**Entries taken from a collection**
# # # # # # #

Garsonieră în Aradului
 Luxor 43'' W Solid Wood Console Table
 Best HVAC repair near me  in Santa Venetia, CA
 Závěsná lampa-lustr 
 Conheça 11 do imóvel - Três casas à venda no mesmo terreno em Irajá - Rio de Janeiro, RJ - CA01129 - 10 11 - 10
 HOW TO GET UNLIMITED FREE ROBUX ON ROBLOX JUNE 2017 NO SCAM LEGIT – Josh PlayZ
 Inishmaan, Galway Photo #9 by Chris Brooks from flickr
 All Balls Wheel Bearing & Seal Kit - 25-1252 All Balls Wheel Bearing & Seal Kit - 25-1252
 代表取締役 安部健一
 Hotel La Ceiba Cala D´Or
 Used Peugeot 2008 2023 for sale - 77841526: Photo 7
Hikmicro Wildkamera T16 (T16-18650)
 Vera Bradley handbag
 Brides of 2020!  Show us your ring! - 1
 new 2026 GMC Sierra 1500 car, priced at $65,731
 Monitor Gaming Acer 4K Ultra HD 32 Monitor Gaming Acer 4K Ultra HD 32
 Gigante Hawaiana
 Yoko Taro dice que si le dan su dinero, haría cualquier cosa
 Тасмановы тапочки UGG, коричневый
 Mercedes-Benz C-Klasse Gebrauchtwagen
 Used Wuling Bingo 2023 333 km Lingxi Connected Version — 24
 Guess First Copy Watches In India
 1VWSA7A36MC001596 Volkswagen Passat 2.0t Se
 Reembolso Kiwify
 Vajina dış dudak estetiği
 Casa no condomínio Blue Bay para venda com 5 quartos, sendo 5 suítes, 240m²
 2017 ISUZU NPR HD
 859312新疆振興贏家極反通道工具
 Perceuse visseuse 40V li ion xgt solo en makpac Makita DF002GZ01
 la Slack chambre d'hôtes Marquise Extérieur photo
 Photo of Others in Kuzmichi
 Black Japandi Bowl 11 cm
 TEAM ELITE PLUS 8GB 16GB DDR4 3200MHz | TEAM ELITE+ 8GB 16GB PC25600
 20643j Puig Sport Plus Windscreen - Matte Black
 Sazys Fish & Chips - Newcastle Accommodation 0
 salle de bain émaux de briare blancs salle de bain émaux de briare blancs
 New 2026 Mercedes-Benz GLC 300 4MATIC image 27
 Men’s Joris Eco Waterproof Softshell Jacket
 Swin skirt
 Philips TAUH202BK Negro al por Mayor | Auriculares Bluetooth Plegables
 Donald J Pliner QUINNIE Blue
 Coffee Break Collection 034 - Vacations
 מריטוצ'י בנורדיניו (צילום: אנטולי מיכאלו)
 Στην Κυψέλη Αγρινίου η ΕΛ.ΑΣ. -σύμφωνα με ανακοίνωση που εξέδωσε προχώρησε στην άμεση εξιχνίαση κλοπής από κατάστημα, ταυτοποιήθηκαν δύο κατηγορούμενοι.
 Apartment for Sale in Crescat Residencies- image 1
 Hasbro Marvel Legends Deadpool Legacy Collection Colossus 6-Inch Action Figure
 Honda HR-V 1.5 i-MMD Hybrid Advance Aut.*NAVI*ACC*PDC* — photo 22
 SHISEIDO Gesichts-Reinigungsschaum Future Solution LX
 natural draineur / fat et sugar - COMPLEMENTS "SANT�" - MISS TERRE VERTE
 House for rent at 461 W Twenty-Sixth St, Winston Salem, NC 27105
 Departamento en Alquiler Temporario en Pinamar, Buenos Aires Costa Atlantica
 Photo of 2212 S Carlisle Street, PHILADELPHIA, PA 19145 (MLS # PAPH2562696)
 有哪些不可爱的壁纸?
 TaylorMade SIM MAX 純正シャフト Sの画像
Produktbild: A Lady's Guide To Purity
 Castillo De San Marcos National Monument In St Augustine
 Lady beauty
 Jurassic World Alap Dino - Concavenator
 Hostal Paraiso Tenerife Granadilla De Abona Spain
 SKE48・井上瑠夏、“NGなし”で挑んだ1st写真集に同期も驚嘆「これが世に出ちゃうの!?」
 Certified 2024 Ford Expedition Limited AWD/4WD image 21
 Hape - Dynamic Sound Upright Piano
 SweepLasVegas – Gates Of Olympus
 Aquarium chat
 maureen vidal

# # # # # # #

**What to produce**
Write out each record again, keeping every word as it is.

**Task result**
Garsonieră în Aradului
 Luxor 43'' W Solid Wood Console Table
 Best HVAC repair near me  in Santa Venetia, CA
 Závěsná lampa-lustr 
 Conheça 11 do imóvel - Três casas à venda no mesmo terreno em Irajá - Rio de Janeiro, RJ - CA01129 - 10 11 - 10
 HOW TO GET UNLIMITED FREE ROBUX ON ROBLOX JUNE 2017 NO SCAM LEGIT – Josh PlayZ
 Inishmaan, Galway Photo #9 by Chris Brooks from flickr
 All Balls Wheel Bearing & Seal Kit - 25-1252 All Balls Wheel Bearing & Seal Kit - 25-1252
 代表取締役 安部健一
 Hotel La Ceiba Cala D´Or
 Used Peugeot 2008 2023 for sale - 77841526: Photo 7
Hikmicro Wildkamera T16 (T16-18650)
 Vera Bradley handbag
 Brides of 2020!  Show us your ring! - 1
 new 2026 GMC Sierra 1500 car, priced at $65,731
 Monitor Gaming Acer 4K Ultra HD 32 Monitor Gaming Acer 4K Ultra HD 32
 Gigante Hawaiana
 Yoko Taro dice que si le dan su dinero, haría cualquier cosa
 Тасмановы тапочки UGG, коричневый
 Mercedes-Benz C-Klasse Gebrauchtwagen
 Used Wuling Bingo 2023 333 km Lingxi Connected Version — 24
 Guess First Copy Watches In India
 1VWSA7A36MC001596 Volkswagen Passat 2.0t Se
 Reembolso Kiwify
 Vajina dış dudak estetiği
 Casa no condomínio Blue Bay para venda com 5 quartos, sendo 5 suítes, 240m²
 2017 ISUZU NPR HD
 859312新疆振興贏家極反通道工具
 Perceuse visseuse 40V li ion xgt solo en makpac Makita DF002GZ01
 la Slack chambre d'hôtes Marquise Extérieur photo
 Photo of Others in Kuzmichi
 Black Japandi Bowl 11 cm
 TEAM ELITE PLUS 8GB 16GB DDR4 3200MHz | TEAM ELITE+ 8GB 16GB PC25600
 20643j Puig Sport Plus Windscreen - Matte Black
 Sazys Fish & Chips - Newcastle Accommodation 0
 salle de bain émaux de briare blancs salle de bain émaux de briare blancs
 New 2026 Mercedes-Benz GLC 300 4MATIC image 27
 Men’s Joris Eco Waterproof Softshell Jacket
 Swin skirt
 Philips TAUH202BK Negro al por Mayor | Auriculares Bluetooth Plegables
 Donald J Pliner QUINNIE Blue
 Coffee Break Collection 034 - Vacations
 מריטוצ'י בנורדיניו (צילום: אנטולי מיכאלו)
 Στην Κυψέλη Αγρινίου η ΕΛ.ΑΣ. -σύμφωνα με ανακοίνωση που εξέδωσε προχώρησε στην άμεση εξιχνίαση κλοπής από κατάστημα, ταυτοποιήθηκαν δύο κατηγορούμενοι.
 Apartment for Sale in Crescat Residencies- image 1
 Hasbro Marvel Legends Deadpool Legacy Collection Colossus 6-Inch Action Figure
 Honda HR-V 1.5 i-MMD Hybrid Advance Aut.*NAVI*ACC*PDC* — photo 22
 SHISEIDO Gesichts-Reinigungsschaum Future Solution LX
 natural draineur / fat et sugar - COMPLEMENTS "SANT�" - MISS TERRE VERTE
 House for rent at 461 W Twenty-Sixth St, Winston Salem, NC 27105
 Departamento en Alquiler Temporario en Pinamar, Buenos Aires Costa Atlantica
 Photo of 2212 S Carlisle Street, PHILADELPHIA, PA 19145 (MLS # PAPH2562696)
 有哪些不可爱的壁纸?
 TaylorMade SIM MAX 純正シャフト Sの画像
Produktbild: A Lady's Guide To Purity
 Castillo De San Marcos National Monument In St Augustine
 Lady beauty
 Jurassic World Alap Dino - Concavenator
 Hostal Paraiso Tenerife Granadilla De Abona Spain
 SKE48・井上瑠夏、“NGなし”で挑んだ1st写真集に同期も驚嘆「これが世に出ちゃうの!?」
 Certified 2024 Ford Expedition Limited AWD/4WD image 21
 Hape - Dynamic Sound Upright Piano
 SweepLasVegas – Gates Of Olympus
 Aquarium chat
 maureen vidal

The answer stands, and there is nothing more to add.